“AK Parti, sadece Beykoz’da değil Türkiye’nin her tarafında fırtına estirdiği dönemlerde nasıl sömürülüyorsa, birçok belediye kaybedilmiş olmasına rağmen aynı sömürünün mağduru olarak varlığını sürdürmeye çalışıyor.
”
Beykoz’da üzerine ölü toprağı serilen AK Parti’yi temsil ettiğini zannedenler, AK Parti’nin önünü açacağım derken, Alaattin Köseler’i mağdur ettiğinin farkında değil galiba… AK Parti Teşkilatının hiçbir varlık gösteremediği yerde Köseler’in tökezlemesinden medet ummak doğru bir siyaset değildir.
Beykoz halkı her şeyi görmektedir, hatta yaşamaktadır. Beykoz’da AK Parti dönemi ile CHP dönemi arasındaki fark her geçen gün kendini gösterse de, AK Parti bu boşluğu dolduracak siyaset üretmekten yoksun insanların elindedir.
Köseler bugün tek başına kalmış bir belediye başkanıdır ve AK Parti’nin Beykoz’da bıraktığı potansiyelin değil üstüne koymak onu koruyacak ne bir kadrosu ne de bir ufku vardır. Ve vatandaşımız her geçen gün bu farkı fark etmektedir.
Her şeyden önce Köseler, yalan söyleyerek işbaşı yapmıştır. Beykoz Belediyesi’nin 3 buçuk milyar borcu olduğunu söylemesi zaten bir şeylerin altyapısını işaret ediyordu. Nitekim patlayan konser olayında, kendini 500 kusur milyon borç ödedik diyerek savunmaya çalıştı. Üstelik borç ödemekle konserin ne alakası vardı?
Ayrıca borcu da Köseler ödemedi… İller Bankası Beykoz Belediyesi’nin ödeneğinden kesti.
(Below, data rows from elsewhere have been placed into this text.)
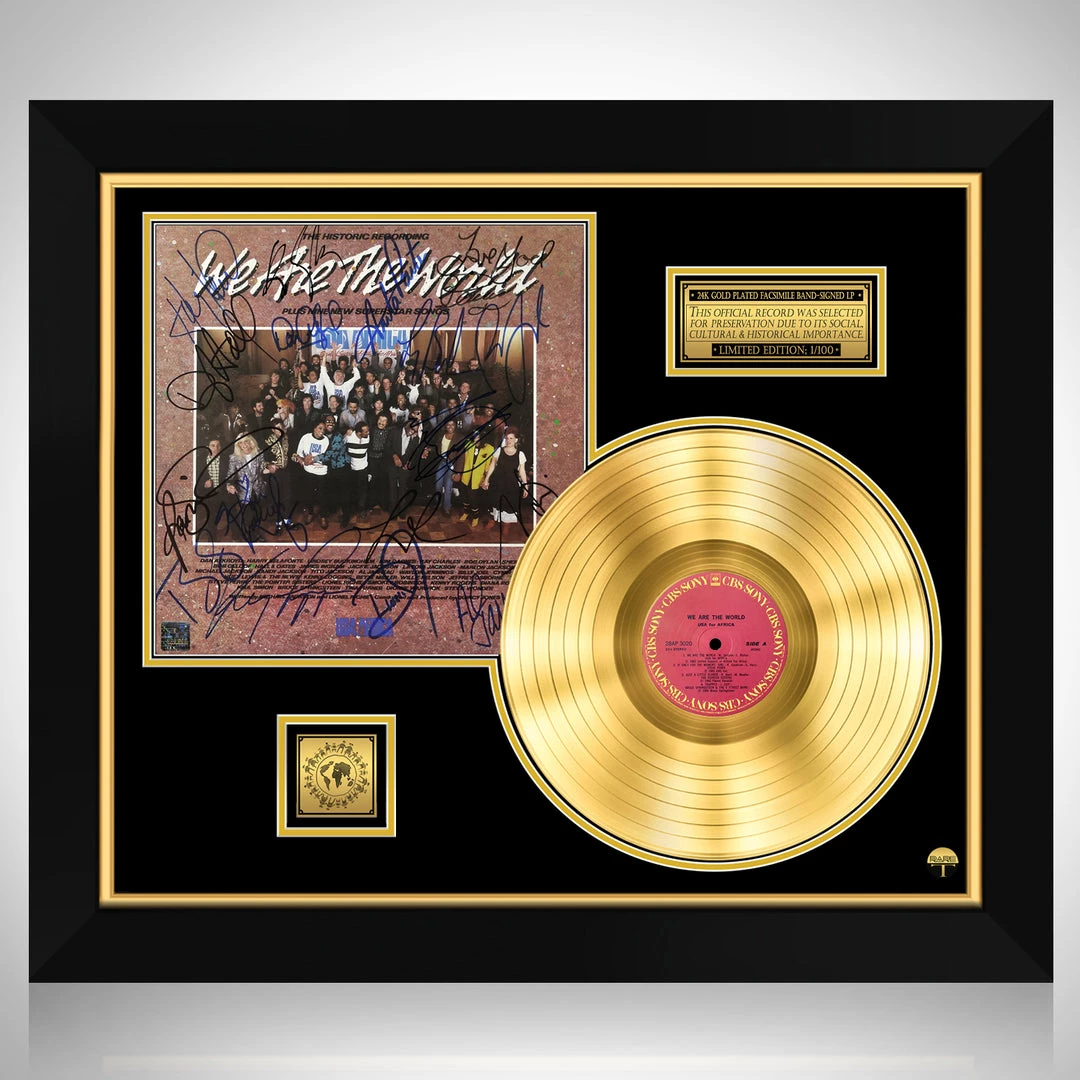 RARE-T USA For Africa - We Are The World Gold LP Limited Signature Edition Studio Licensed Custom Frame Limited Edition Frames 1 RARE-T USA For Africa - We Are The World Gold LP Limited Signature Edition Studio Licensed Custom Frame Limited Edition Frames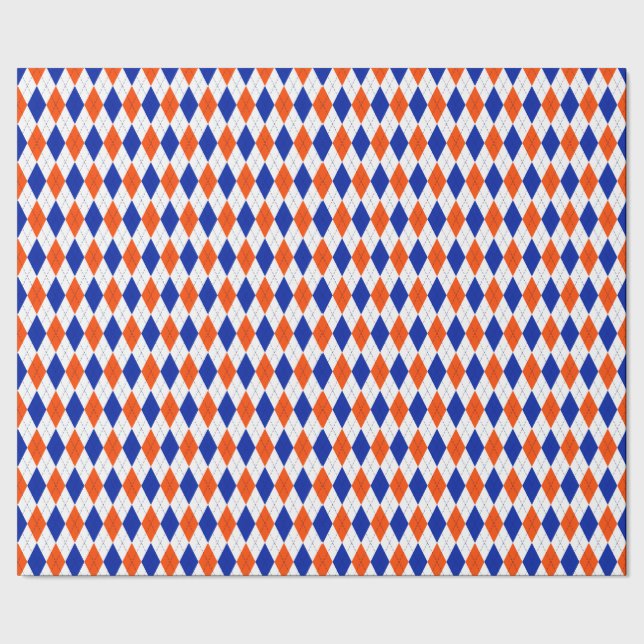 Papel De Regalo Argyle naranja y Diamante Azul (Costura)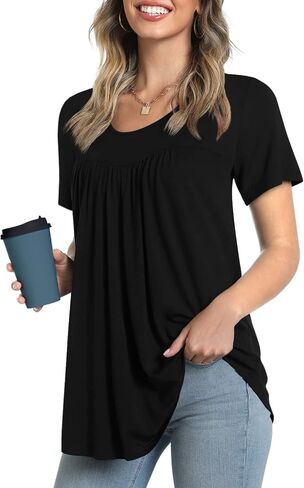 لونديوان تونيك تونيك كاجوال قصير الاكمام قميص صيفي ابيض ضيق بلوزة سوداء XL in Kuwait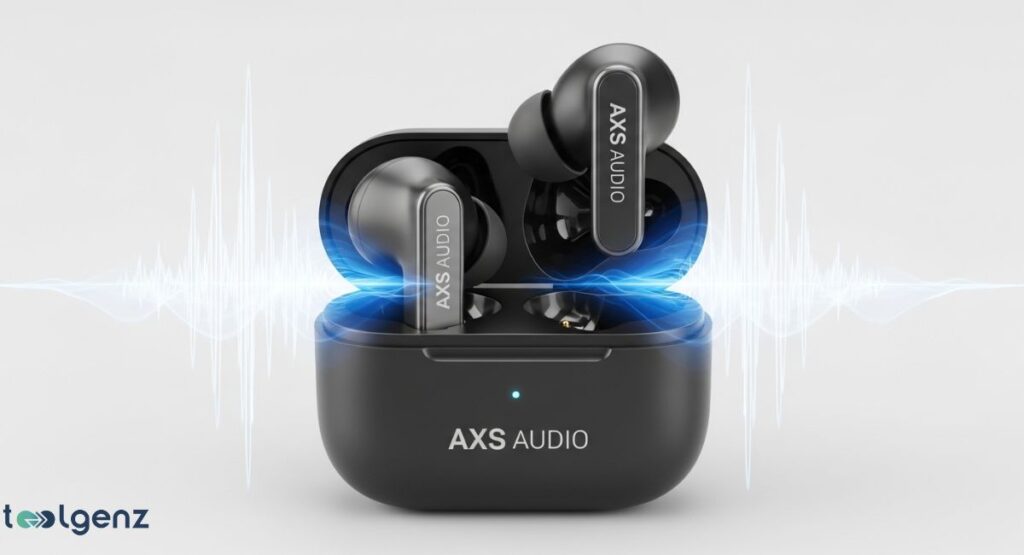 A pair of black wireless earbuds with a metallic finish, labeled "AXS AUDIO," are shown in their open charging case. A blue, glowing sound wave graphic emanates from the case, symbolizing high-quality audio.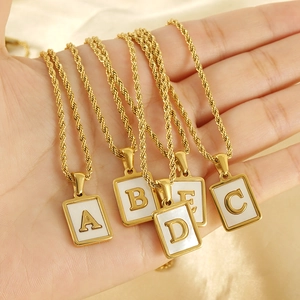 Square Initial Pendant Necklace 18K Gold Plated Stainless Steel Shell Letter Jewelry Twist Chain Fashion For Women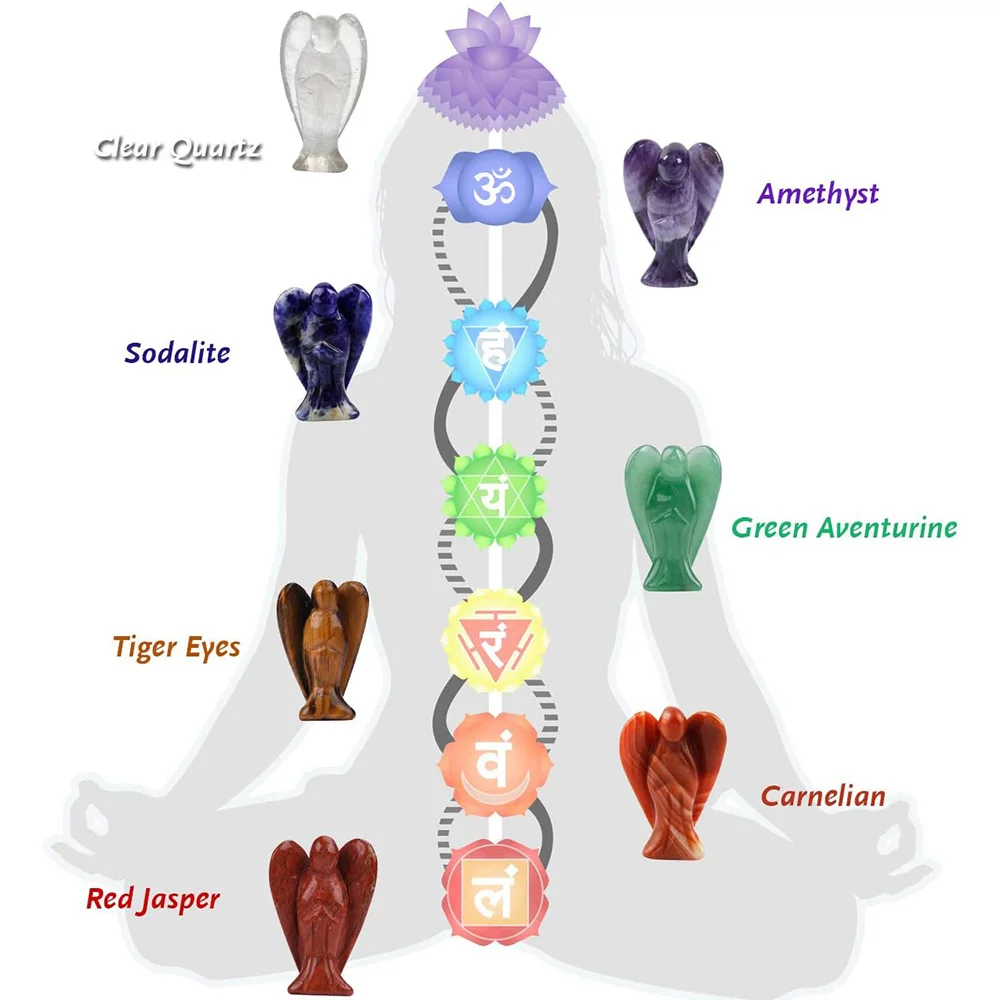 Natural Stone Carved Pocket Guardian Angel Figurines 1.5 Inch for Reiki Healing Crystals Meditation Chakra Balancing Collection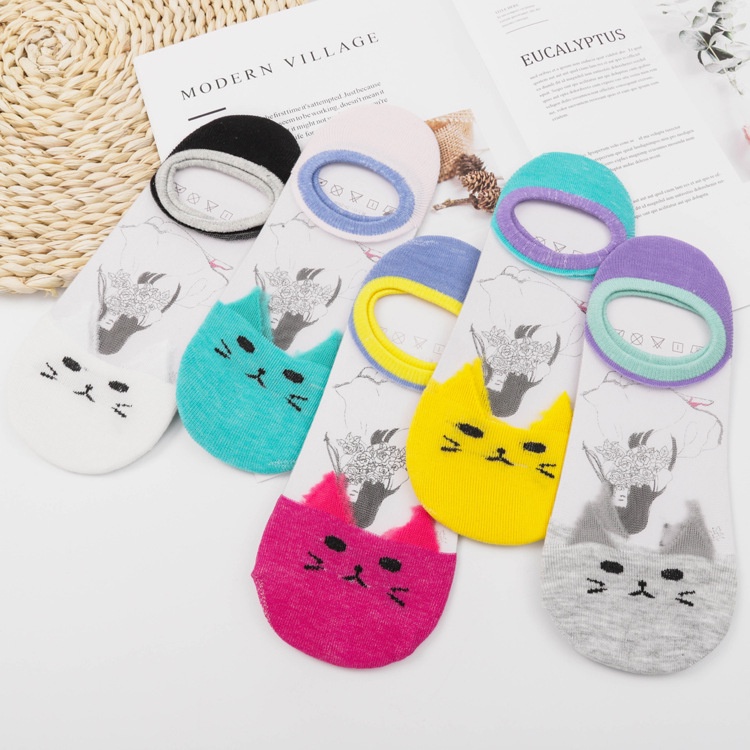 (COD) Wanita Kaus kaki kristal transparan modis kaos kaki pola kucing Lucu Socks 09S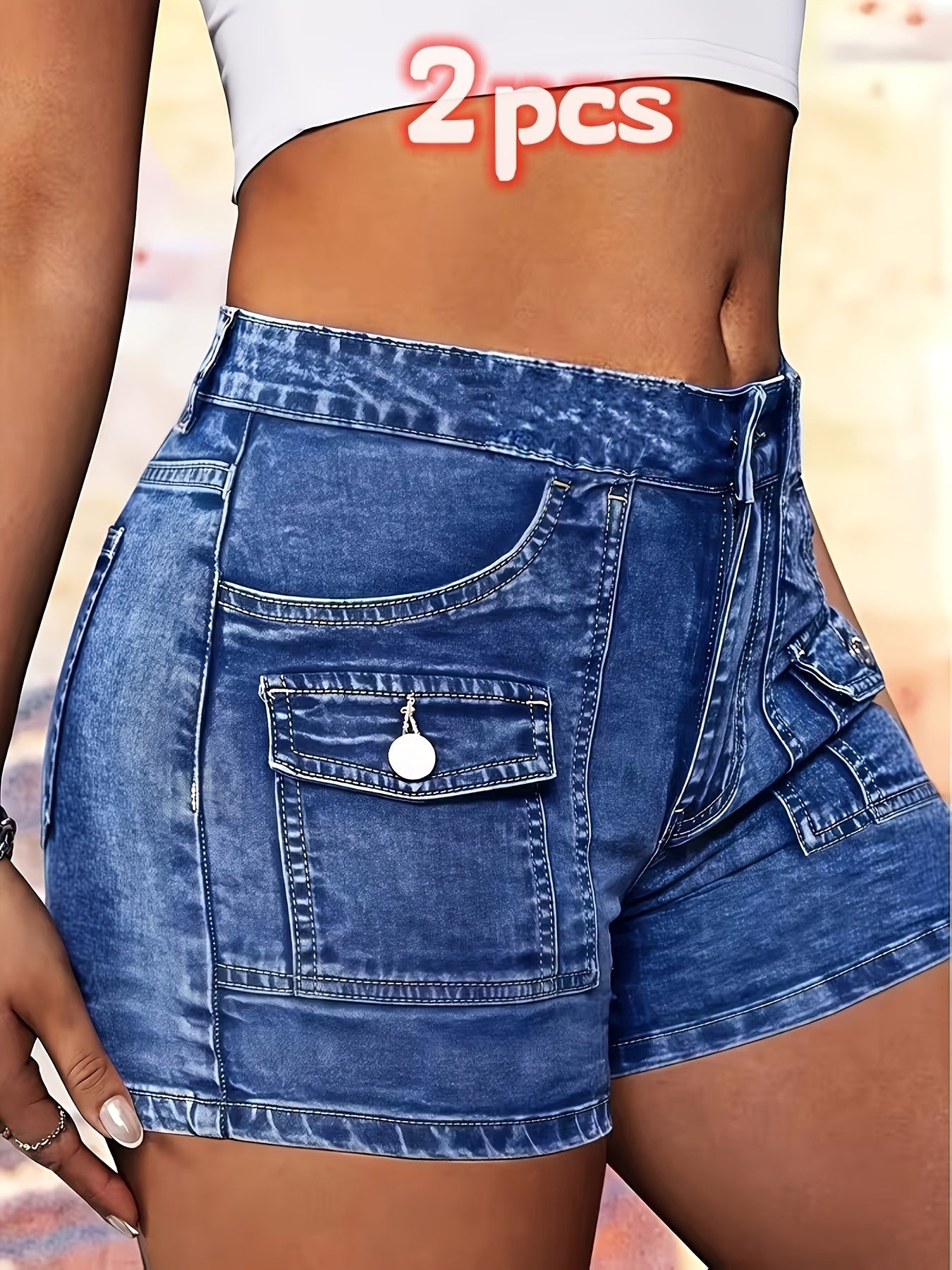 Women's Denim Shorts - 2-Pack Pockets detail view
Beykoz Spor konusunun Köseler’den bağımsız olduğuna kimse inanmıyor. Köseler bu işe aracılık ettiyse belediyenin parasıyla aracılık etmesine yasal olarak imkân yoktur. Ancak bir takım vaatlerle kefil olmuştur bu sürece. İddia o ki, Tuzlaspor’un hisselerinin alınması karşılığında Beykoz’a bir beton santrali kurulacağı söyleniyor. Beykoz’un her hangi bir yerinde beton santrali kurulursa anlayın ki içi boş değil.
Çünkü ben Zeki Aksu’yu tanırım. Asla yaş tahtaya ayak basmaz… Bunu daha önce de yazmıştım. Nitekim Zeki Aksu yaptığı açıklamayı daha sonra kaldırsa da bu konunun Köseler’den bağımsız olmadığını bizzat kendisi kamuoyuna açıkladı. Oyun içinde oyun…
Alaattin Köseler bu işi kaldıramadı. Beykoz Belediyesi’ni 1999 senesinin belediyesi zannetti. Beykoz Belediyesi’nin kapısı vatandaşa kapandı şeklinde serzenişler her geçen gün artıyor… Özel Kalem Müdürü Veli Gümüş’ün herkesi Köseler’den uzak tuttuğu söyleniyor.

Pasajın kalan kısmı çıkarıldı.